R. O que se colocou em evidência é que o sistema de saúde na Bolívia não está preparado, não vou dizer contra uma pandemia, e sim para enfrentar uma situação habitual de resposta às demandas da sociedade. A crise nos obriga a ser realistas, porque não podemos fazer magia no primeiro ano de Governo. Precisamos dar uma resposta específica à covid-19, com a possibilidade de conseguir um apoio com outros países para maior equipamento e mais profissionais médicos.

P. Como será a relação de seu eventual Governo com os países da região?

R. Temos problemas com a Argentina que devem ser resolvidos. Eu lamento que o presidente [Alberto] Fernández tenha se equivocado em sua leitura do Governo da presidenta [Jeanine] Áñez. Espero que isso possa ser corrigido. Nesse contexto, o que interessa é ter uma relação fluida de interesses comuns e muito respeitosa, especificamente com o Brasil e a Argentina, nossos vizinhos mais importantes, mas também com o Chile, Peru, Paraguai e o conjunto de países da América do Sul, com exceção da Venezuela.

P. A presença de Evo Morales na Argentina pode ser um ponto de conflito?

R. Se Evo Morales vier a Bolívia precisa prestar contas ao país, mas seguindo o Estado de Direito. A diferença com Morales é que eu não seria, como presidente, juiz, legislador e o que leva a condenação adiante. Eu não faço perseguição política. Deverá ser feita uma investigação e se a investigação levar a uma acusação e se a acusação levar a uma condenação, será preciso analisar. Mas estimo que, se os mecanismos do Estado de Direito forem respeitados, sem perseguição, a Argentina deverá fazer o que deve fazer.

P. E a relação com o Chile?

R. Para a Bolívia, e particularmente para mim, a demanda marítima boliviana de reivindicar um porto com acesso soberano ao Pacífico não parará até que ocorra. Mas seria miopia de minha parte não reconhecer que há uma sentença de Haia que foi negativa. O que precisamos fazer? Construir confiança entre os dois países, que nos permita uma relação fluida para abordar temas importantes: o livre trânsito, questões aduaneiras, o problema muito complicado de transporte pesado e potencialmente a complementaridade econômica entre o Chile e a Bolívia.

P. Os vínculos entre a Bolívia e os EUA sempre foram complexos. Em que situação se encontram agora?

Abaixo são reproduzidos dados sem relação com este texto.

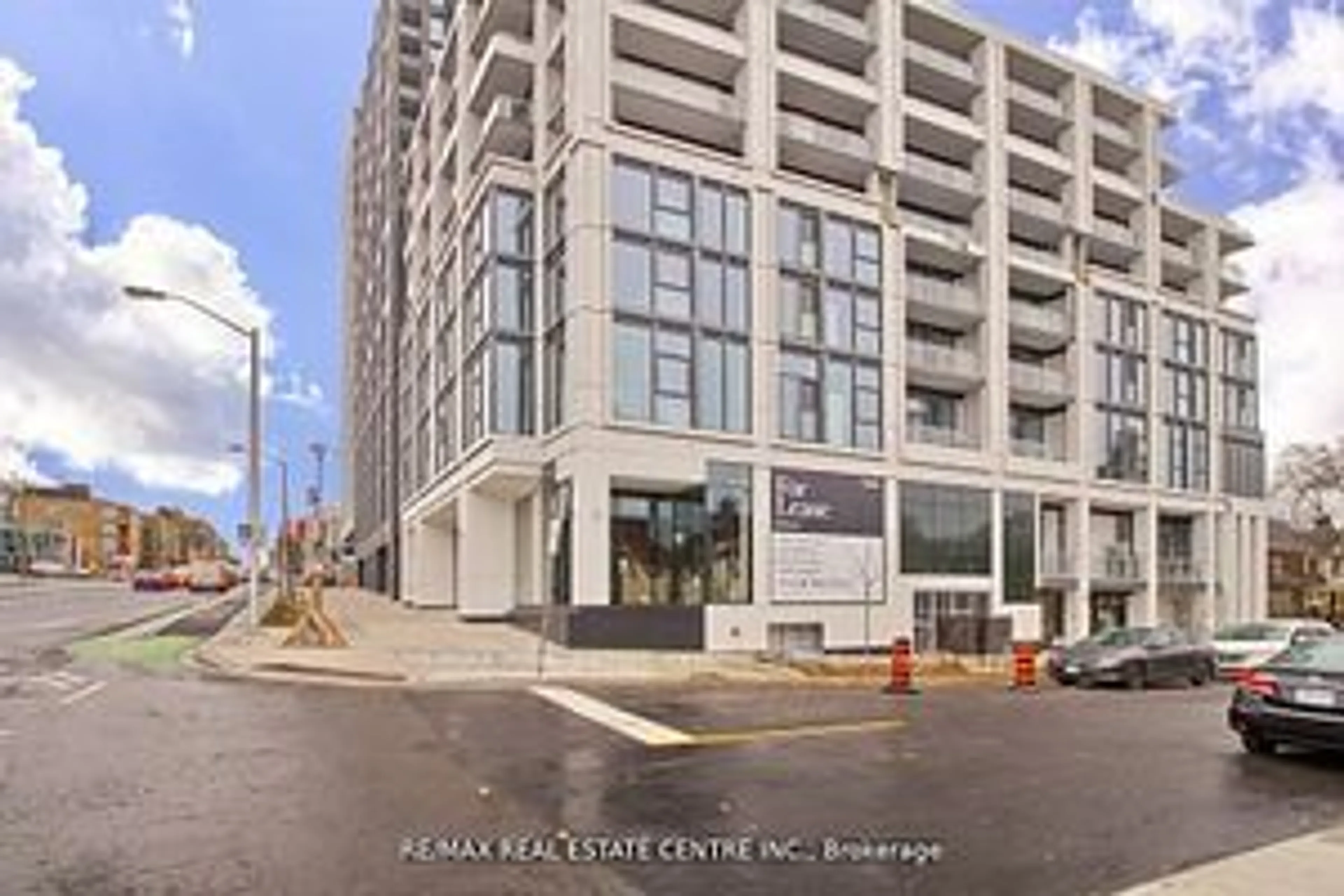A pic from exterior of the house or condo for 2020 Bathurst St #211, Toronto Ontario M6C 2B9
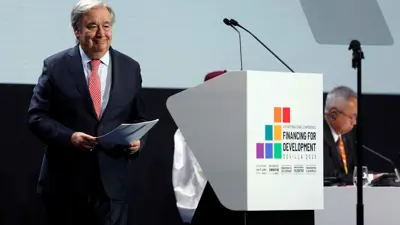 الأمين العام للأمم المتحدة أنطونيو غوتيريش خلال مؤتمر الأمم المتحدة الدولي الرابع للتمويل والتنمية في إشبيلية، في 30 يونيو 2025.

R. O Governo da presidenta Áñez se aproximou dos EUA, mas o Governo dos EUA foi prudente ao esperar a eleição de um novo Governo. Está melhor, portanto, mas não está consolidada. O objetivo é a retomada plena no prazo mais curto possível em relação aos embaixadores, com uma exceção: aprendemos a lição do período anterior a Evo Morales, entre 1982 e 2006, quando os condicionantes da época seriam inaceitáveis hoje. Depois tratamos os EUA a patadas. Não vamos repetir a experiência dos anos anteriores a 2006, muito menos o tratamento absurdo do Governo de Morales.

P. No Governo de Jeanine Áñez existiram ministros que demonstraram uma atitude revanchista e há quem tema uma perseguição.

R. Primeiro, além da base da sociedade, a que respeito completamente, não deixa de ser uma ironia surpreendente que dirigentes de alto escalão do MAS falem de perseguição após 14 anos de Governo, de controle absoluto do presidente, que se achava um imperador, que dizia publicamente aos ex-presidentes “os senhores são delinquentes confessos”. Um presidente que fez com que mais de 1.300 pessoas precisassem sair do país escapando à perseguição, que judicializou a política. Dito isso, acho que alguns ministros deste Governo agiram equivocadamente com uma lógica revanchista e com uma lógica de não respeitar o Estado de Direito como elemento central.

P. Não teme que a rivalidade eleitoral com Luis Camacho lhe tire os pontos necessários para ganhar?

R. Há um medo muito grande de pelo menos 60% da população que não quer que o MAS volte a governar. Minha impressão é que a parte mais importante do voto indeciso que poderia ir para nós ou ao terceiro candidato irá completamente para nós.

P. A situação econômica lhe preocupa?

R. É uma situação complexa que necessita de vários elementos. Um, a renegociação da dívida externa boliviana, com flexibilização de prazos, melhora dos juros e compromisso de pagamento. Felizmente a economia boliviana é muito pequena e nossa margem de dívida é importante: temos apenas 30% do PIB em dívida. A equação fundamental é injetar liquidez à economia com uma redução muito modesta do déficit no primeiro e segundo ano.